**Activity:**
With the pictures left out, copy the listing below exactly.

**Supplied material:**
__________________________________________________
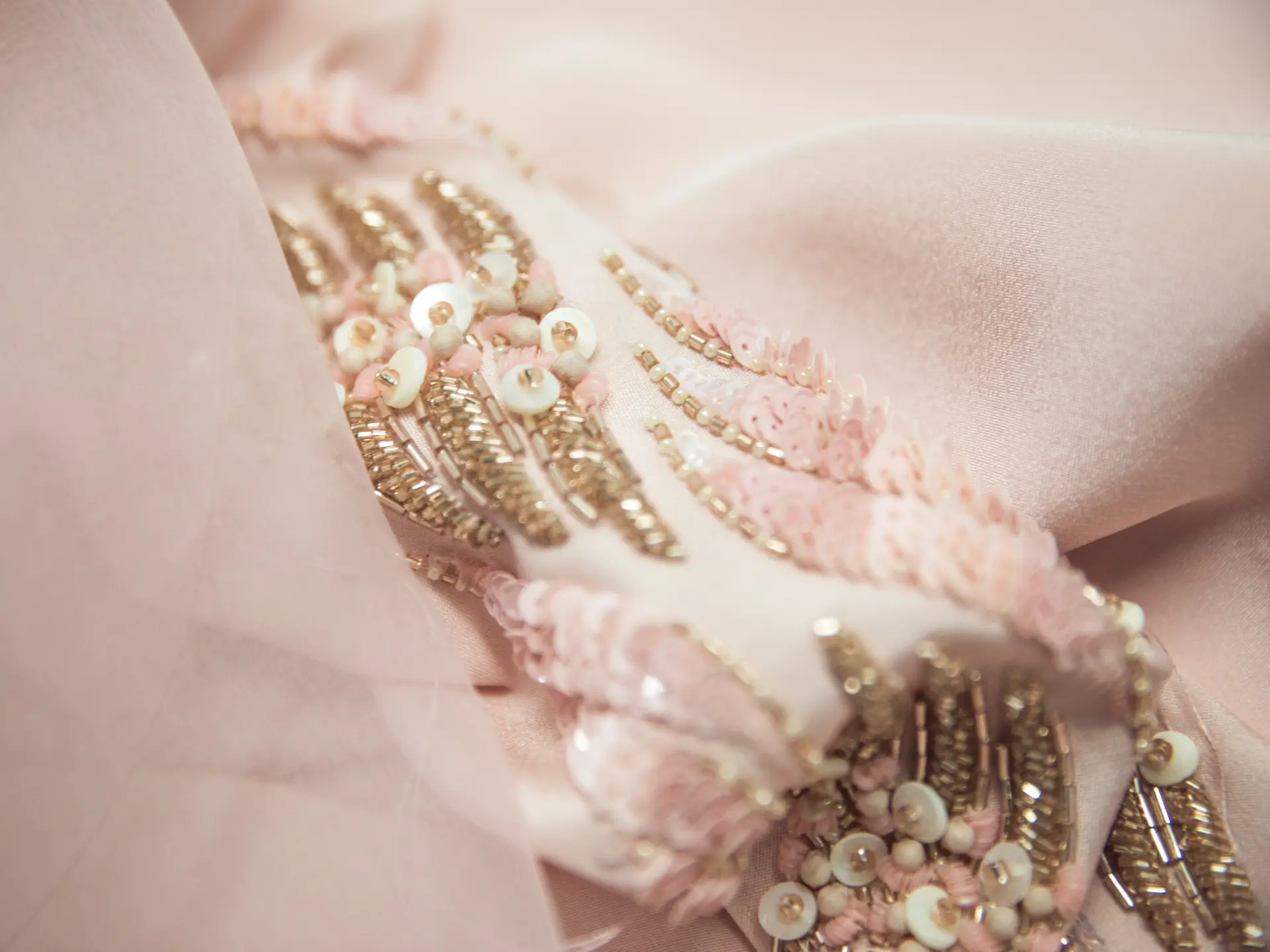 Close-up of intricately beaded fabric at CMT Studio London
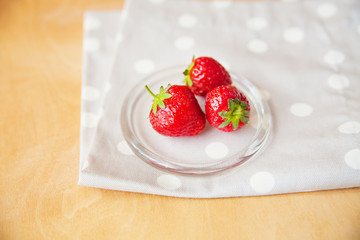 strawberries in a glass bowl on a wooden background and a beige napkin peas.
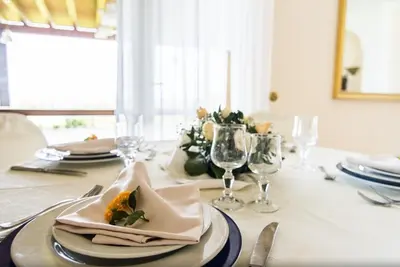 a dining room table with a plate of food on it at Allegroitalia Torre Artale Palermo in Trabia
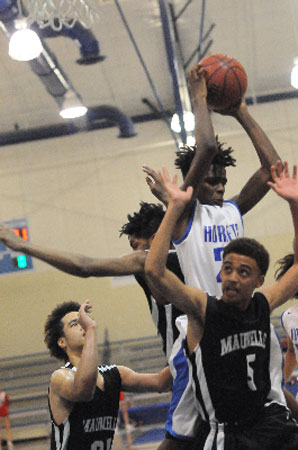 Colby Washington comes down with a rebound between two Maumelle players including Nathan Mills (5). (Photo by Kevin Nagle)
__________________________________________________
**Expected answer:**
 Close-up of intricately beaded fabric at CMT Studio London
 strawberries in a glass bowl on a wooden background and a beige napkin peas.
 a dining room table with a plate of food on it at Allegroitalia Torre Artale Palermo in Trabia
 Colby Washington comes down with a rebound between two Maumelle players including Nathan Mills (5). (Photo by Kevin Nagle)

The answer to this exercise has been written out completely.